[blparent] What is a normal, term human infant supposed to do? (article for moms with babies)
Kate McEachern
kflsouth at gmail.com
Fri Feb 17 02:10:44 UTC 2012
Nice artical.
Kate
----- Original Message -----
From: "Jo Elizabeth Pinto" <jopinto at msn.com>
To: "NFBnet Blind Parents Mailing List" <blparent at nfbnet.org>
Sent: Thursday, February 16, 2012 8:02 PM
Subject: [blparent] What is a normal,term human infant supposed to do?
(article for moms with babies)
>I ran across an interesting article for moms with babies.
>
>
> What is a normal, term human infant supposed to do?
>
>
> First of all, a human baby is supposed to be born vaginally. Yes, I know
> that doesn't always happen, but we're just going to talk ideal, normal for
> now. We are supposed to be born vaginally because we need good bacteria.
> Human babies are sterile, without bacteria, at birth. It's no accident
> that we are born near the anus, an area that has lots of bacteria, most of
> which are good and necessary for normal gut health and development of the
> immune system. And the bacteria that are there are mom's bacteria,
> bacteria that she can provide antibodies against if the bacteria there
> aren't nice.
>
> Then the baby is born and is supposed to go to mom. Right to her chest.

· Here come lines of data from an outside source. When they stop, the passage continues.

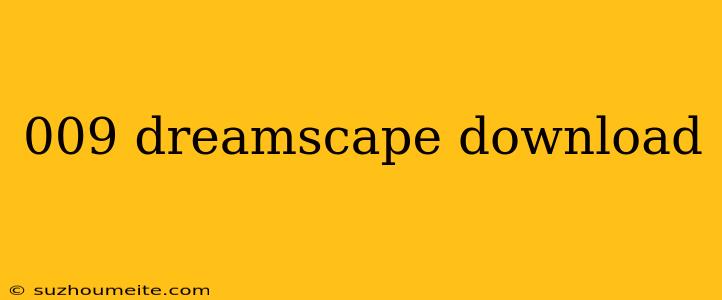 009 Dreamscape Download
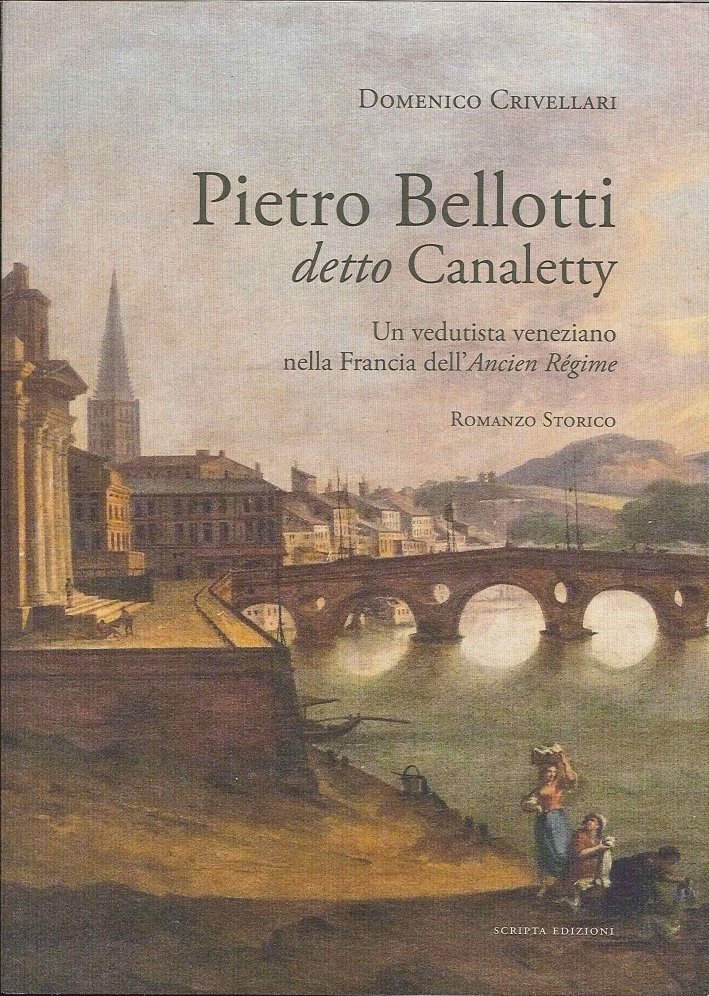 Pietro Bellotti Detto Canaletty. Un Vedutista Veneziano nella Francia dell'Ancien …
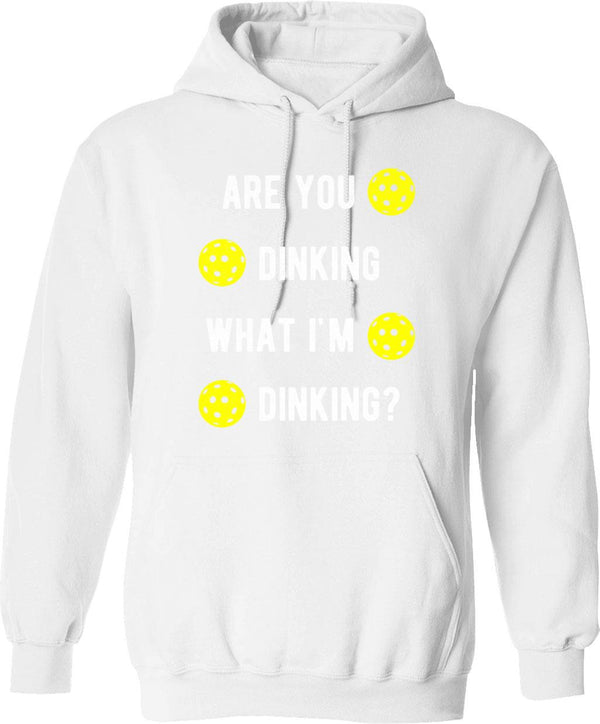 Are You Dinking What I'm Dinking Pickleball Hoodie - White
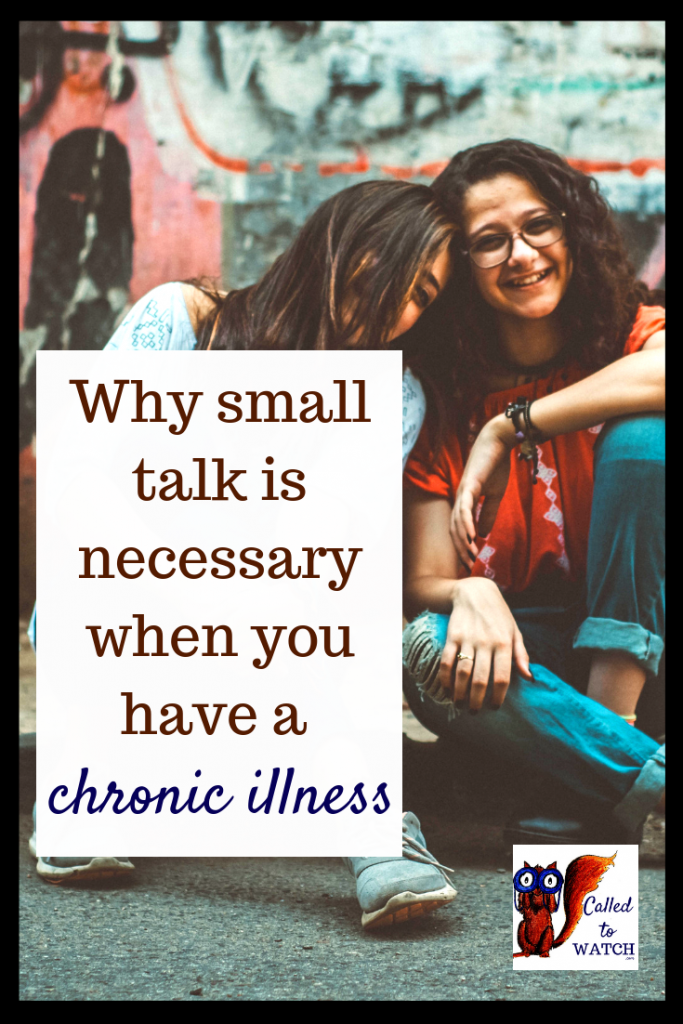why small talk is necessary www.calledtowatch.com #chronicillness #suffering #loneliness #caregiver #pain #caregiving #spoonie #faith #God #Hope - Copy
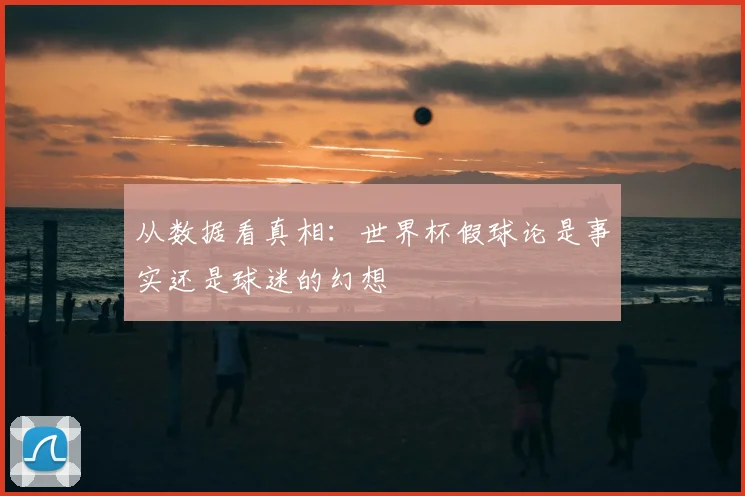 从数据看真相:世界杯假球论是事实还是球迷的幻想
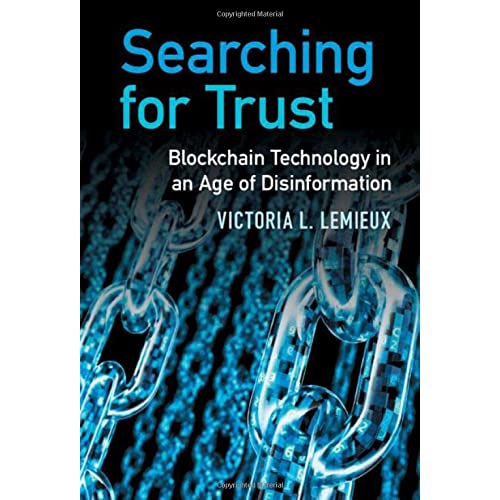 Searching for Trust: Blockchain Technology in an Age of Disinformation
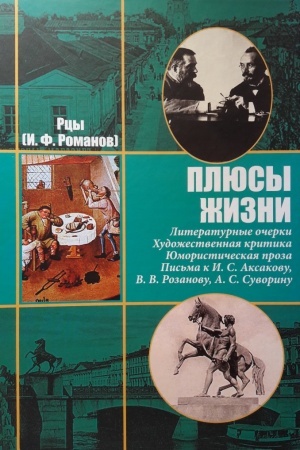 Обложка: ПЛЮСЫ ЖИЗНИ. Литературные очерки Художественная критика Юмористическая проза Письма к И. С. Аксакову,Н. П. Гилярову‑Платонову, В. В. Розанову,А. С. Суворину и другим современникам. РЦЫ (Романов И.Ф.)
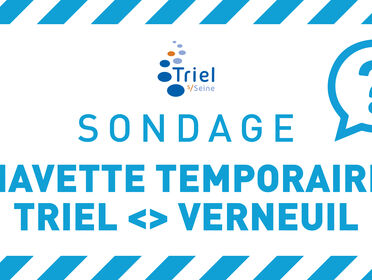  Sondage pour la mise en place d’une navette temporaire de Triel à Verneuil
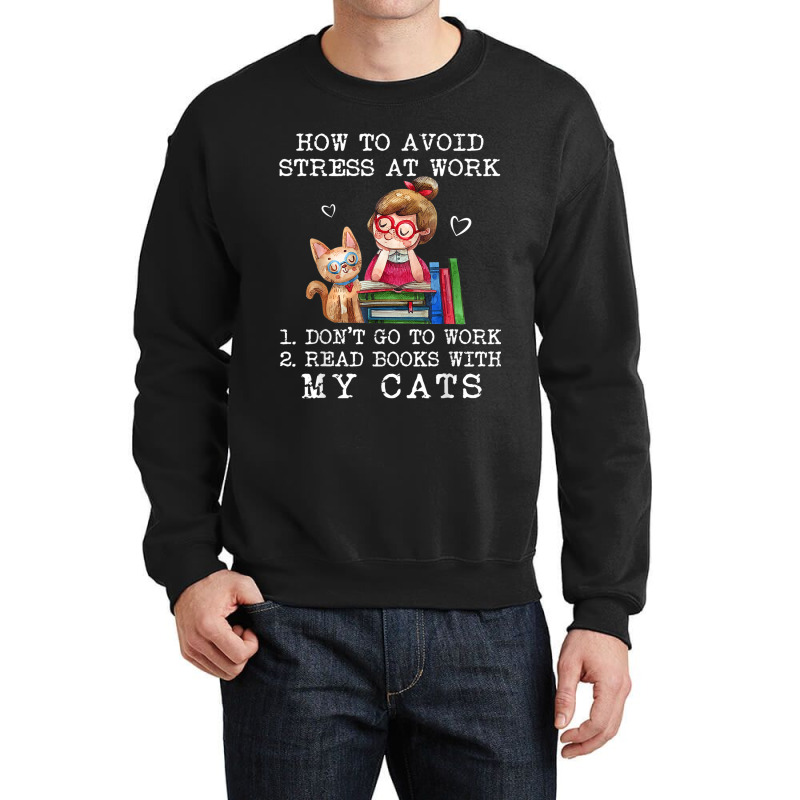 How To Avoid Stress At Work Read Books With My Cats Crewneck Sweatshirt by NICHOLASALACKY | Artistshot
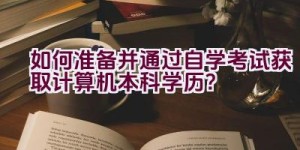 如何准备并通过自学考试获取计算机本科学历？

> The chest, right in between the breasts is the natural habitat of the
> newborn baby. (Fun fact: our cardiac output, how much blood we circulate
> in a given minute, is distributed to places that are important. Lots goes
> to the kidney every minute, like 10% or so, and 20% goes to your brain.
> In a new mom, 23% goes to her chest- more than her brain. The body thinks
> that place is important!)
>
> That chest area gives heat. The baby has been using mom's body for
> temperature regulation for ages. Why would they stop? With all that
> blood flow, it's going to be warm. The baby can use mom to get warm.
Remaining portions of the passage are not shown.